Mas o texto do comunicado foi na linha do "velho" Banco Central.
A questão é que, ao dar um passo atrás em termos de um comunicado que gera confusão entre analistas e investidores, o BC acaba desperdiçando a eficácia deste ciclo atual de aperto monetário. Com o comunicado de ontem, muitos chegam a calcular o tamanho atual do ciclo de aperto ao redor de 1,5 ponto porcentual, dos quais 0,75 ponto já foi dado até ontem.
O problema é que o BC poderia fazer os mesmos 1,5 ponto de alta da taxa Selic, porém com uma maior eficácia na sua comunicação, contando com a ajuda do mercado - isto é, a curva de juros - fazendo um aperto das condições monetárias.
Teria conseguido esse objetivo com um ganho de credibilidade, se tivesse deixado a porta aberta para uma elevação necessária dependendo das condições macroeconômicas. Ou seja, de partida ninguém no mercado começaria hoje a refazer suas apostas para baixo, como está acontecendo com a inclusão da expressão "parcimônia" no comunicado de ontem.
"Para alguém que surpreende o mercado - pelo timing e não pela necessidade do movimento em si - com a alta de 0,25 ponto de outubro e acelera o passo para 0,50 como era de se esperar, o comunicado é incongruente", argumenta um experiente economista paulista.
Ele disse que, embora tenha ouvido o argumento de que o BC apenas quis eliminar a hipótese de subir a Selic para 0,75 ponto - como o mercado chegou a especular nos últimos dias -, o BC apenas mostrou insegurança em perseverar com o ritmo de altas de 0,50 ponto. "No mínimo, o BC está 'data dependent' e com um mínimo de ajuda, ele desacelera o aperto de volta para 0,25 ponto", explicou.

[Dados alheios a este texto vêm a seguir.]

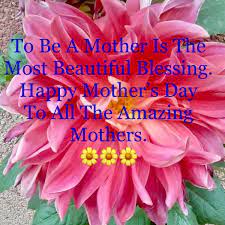 21 Beautiful Mother's Day Quotes ...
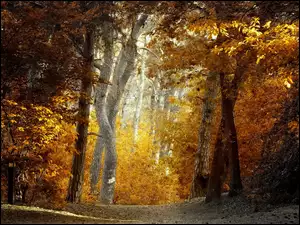 Pożółkłe, Ścieżka, Las, Jesień, Drzewa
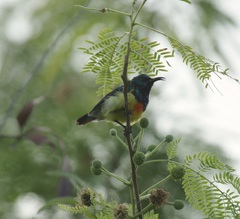 Cinnyris coquerellii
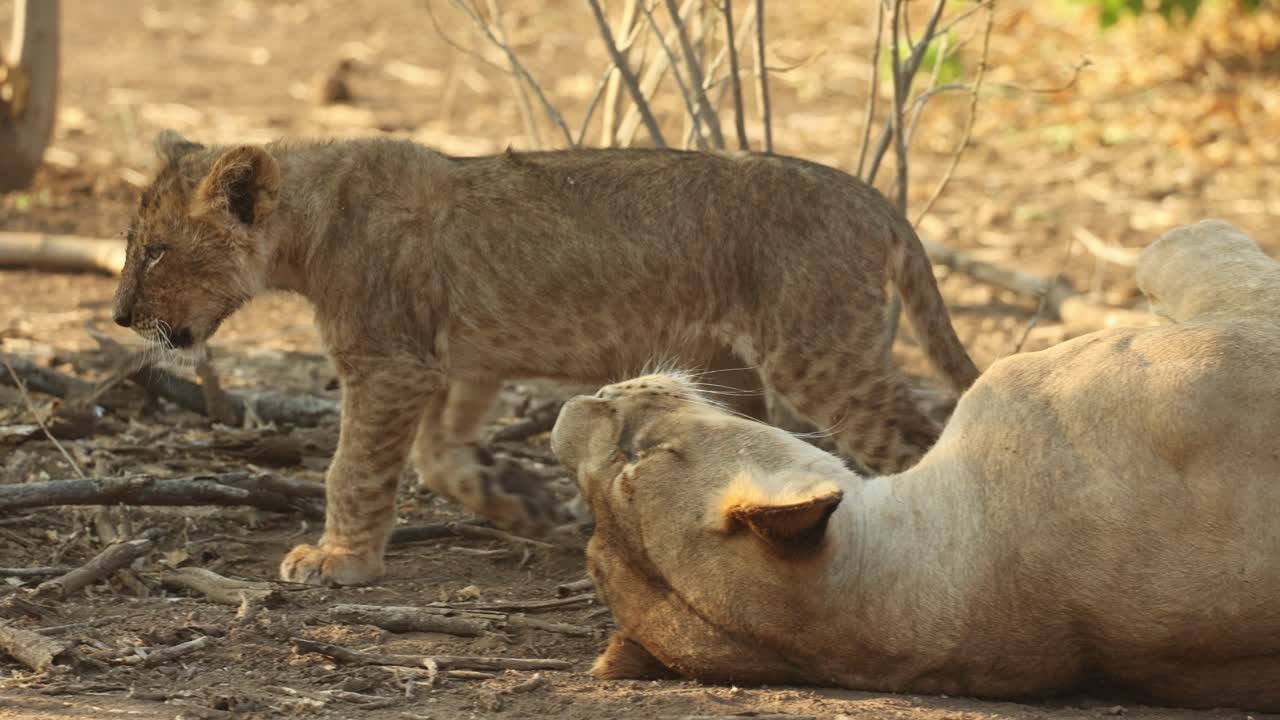 A little lion cub getting up next to its mother's head, walking to her teats before walking away and lying down again, Mashatu Game Reserve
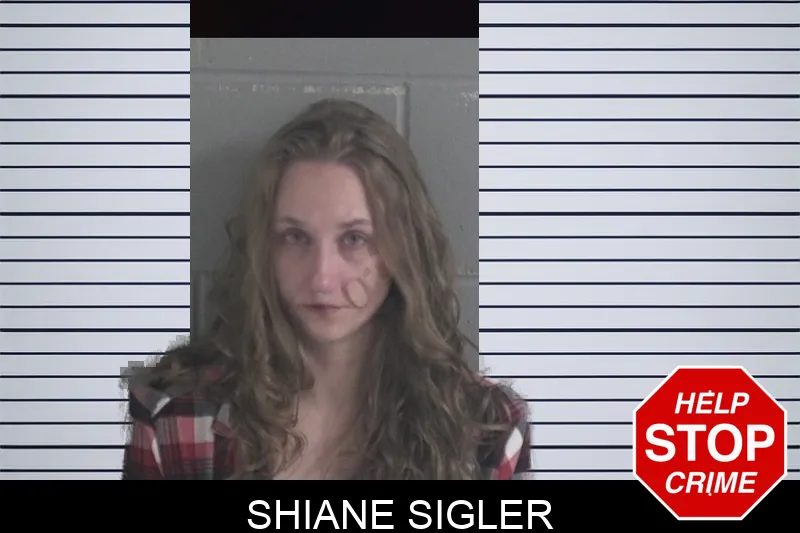 Shiane Sigler mugshot – Brantley County , Georgia Shiane Sigler mugshot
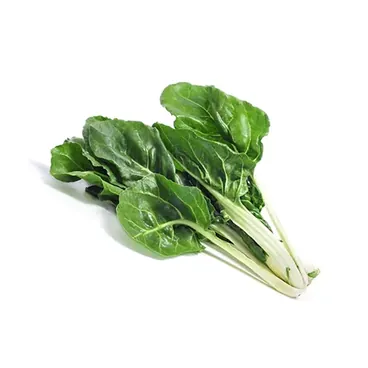 Bieta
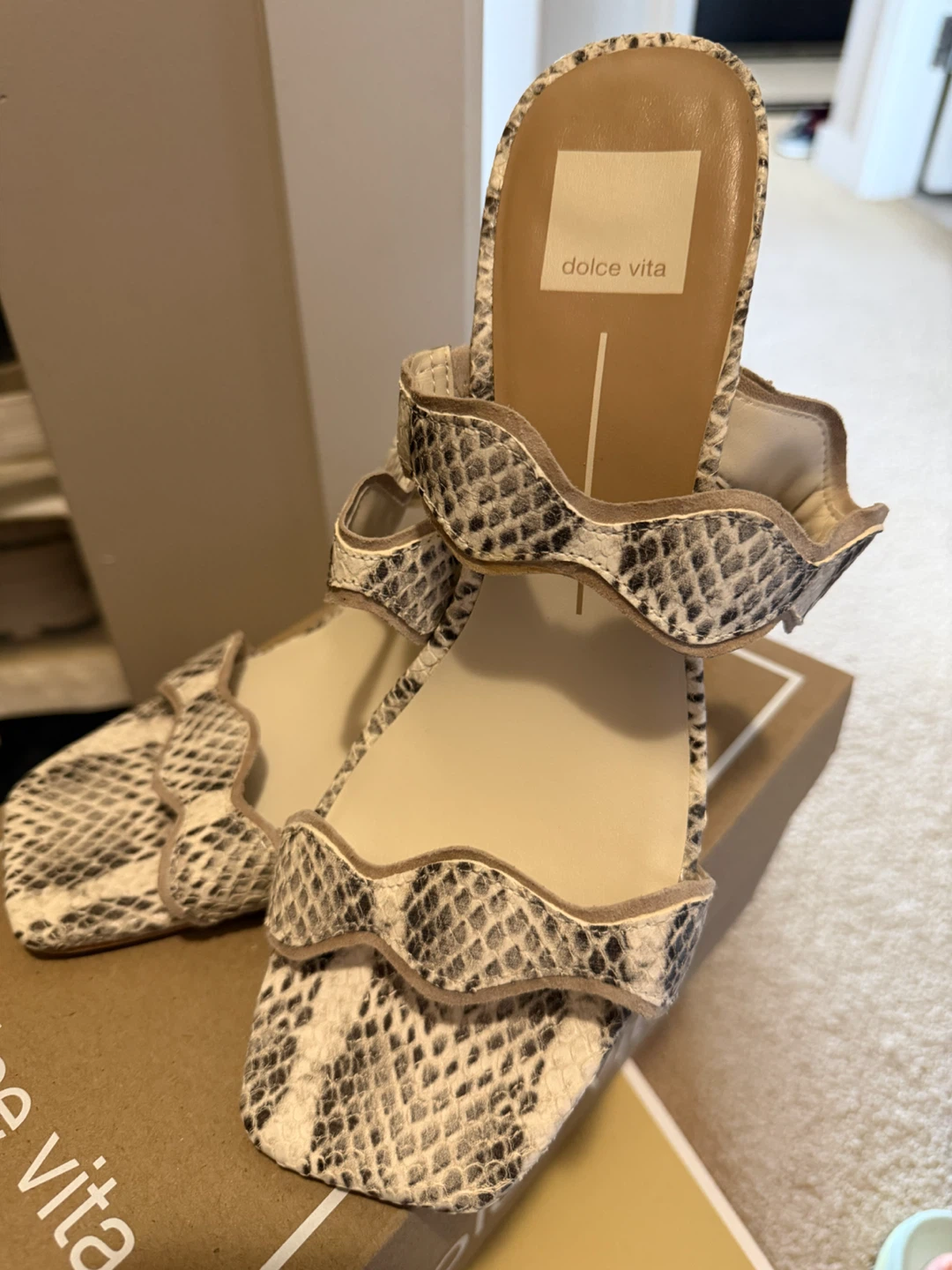 Dolce Vita Shoes
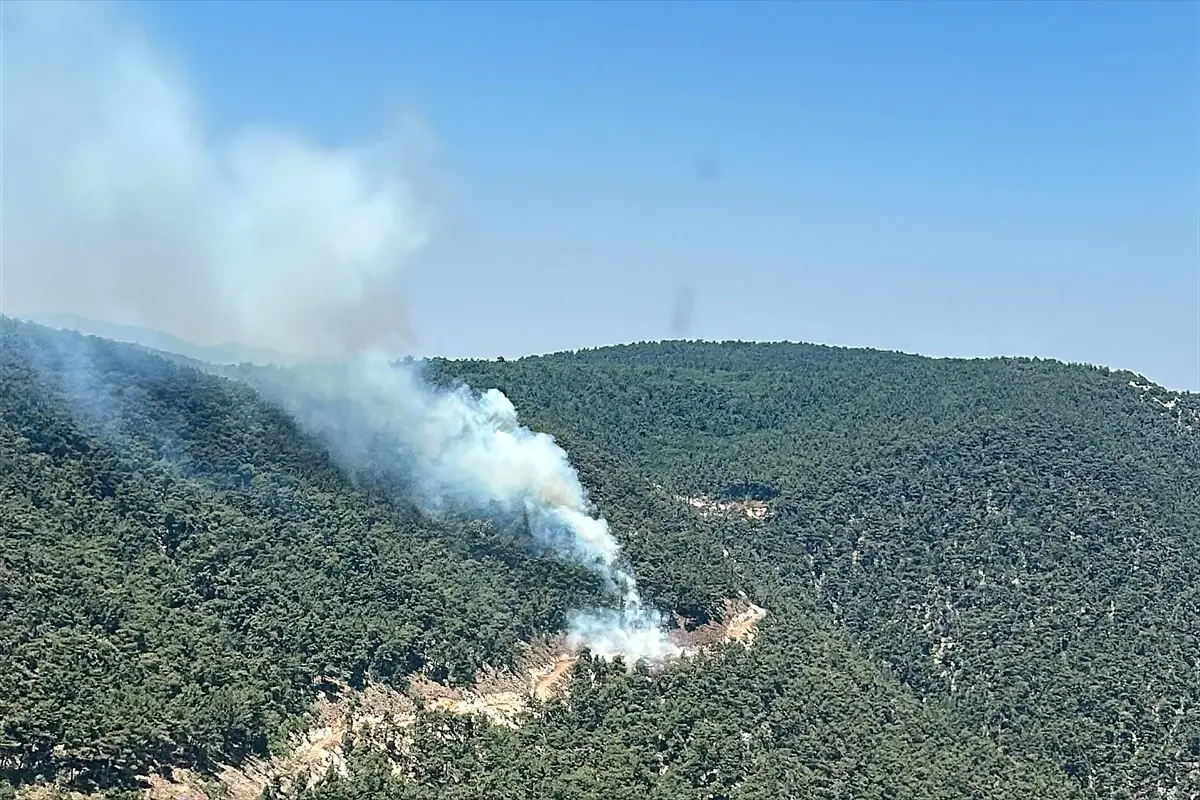 Manisa'da Orman Yangınına Havadan ve Karadan Müdahale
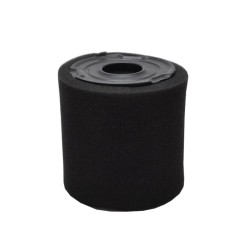 filtre-a-air-moteur-tecumseh-34782-34782a-34782b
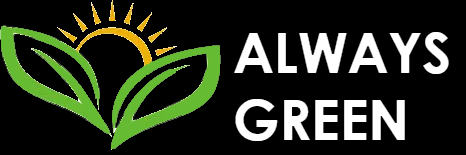 Always Green Carpet Cleaner of Manhattan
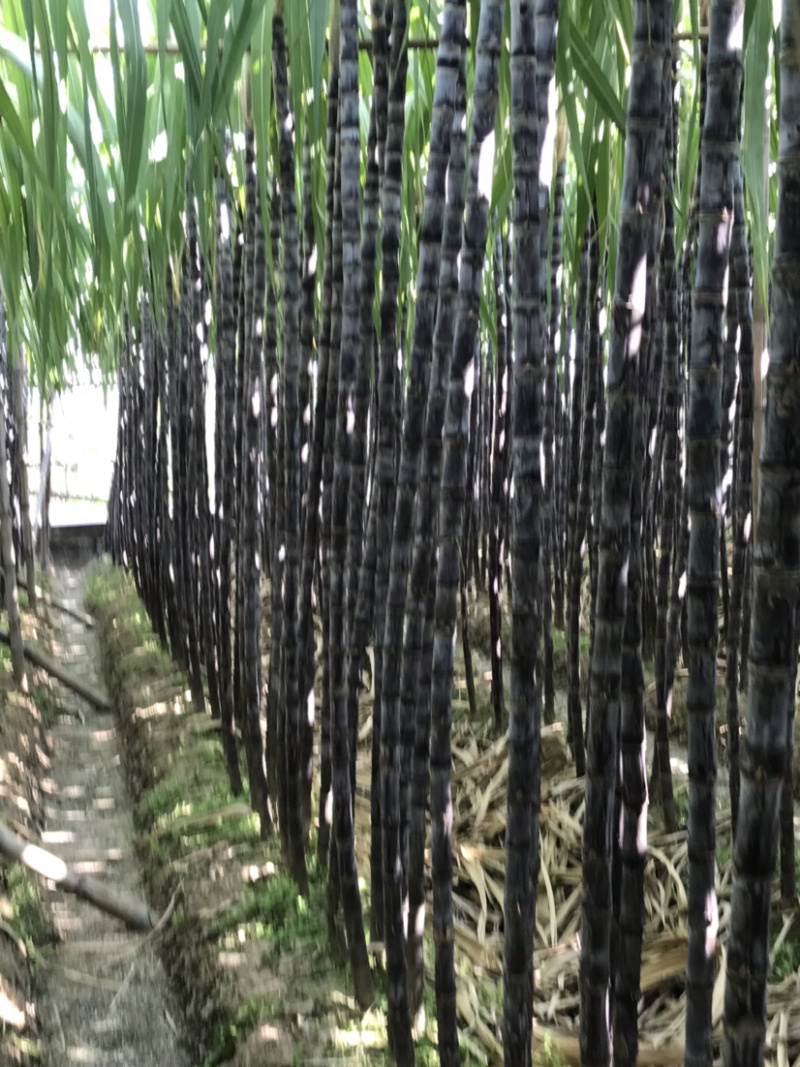 黑皮廿庶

Que tipo de confusão entre analistas e investidores isso pode causar para as expectativas inflacionárias e para um novo mandato desta gestão do BC?
Para o economista acima, se além da alta de 0,50 ponto, o BC "mostra convicção" com o movimento e não sugere que há um orçamento limitado para o atual ciclo, as expectativas certamente mostrariam uma melhora importante. "Com esse comunicado e com o fato de que elas são muito sensíveis à inflação corrente (e os próximos meses serão de IPCA bem alto), não tenho muita esperança de ganhos nesse sentido, ao menos no curto prazo", disse a fonte.
E o que deve ter influenciado o BC a incluir a expressão "parcimônia" no comunicado?
"As possibilidades são muitas: programa fiscal a ser anunciado, nível de atividade, preço de commodities", comentou o economista paulista ouvido acima. "Por outro lado, temos o câmbio, um potencial de crescimento menor que limita a abertura do hiato (e consequentemente seu poder desinflacionário), e o efeito - defasado - expansionista da política fiscal praticada neste ano."
Na visão do executivo da administradora de recursos no início desta coluna, deve ter sido a combinação de três fatores: eliminar apostas de alta de 0,75 ponto da taxa Selic na próxima reunião do Copom; maior fraqueza da atividade econômica; e a expectativa de que haja algum ajuste mais concreto da política fiscal.
Todavia, o mercado quer ver, de fato, essas medidas. Como não se sabe o que virá na área fiscal, o comunicado do BC criou novamente ruído na sua comunicação, desperdiçando a oportunidade de ter seu trabalho auxiliado pelo mercado com um eventual ganho de credibilidade.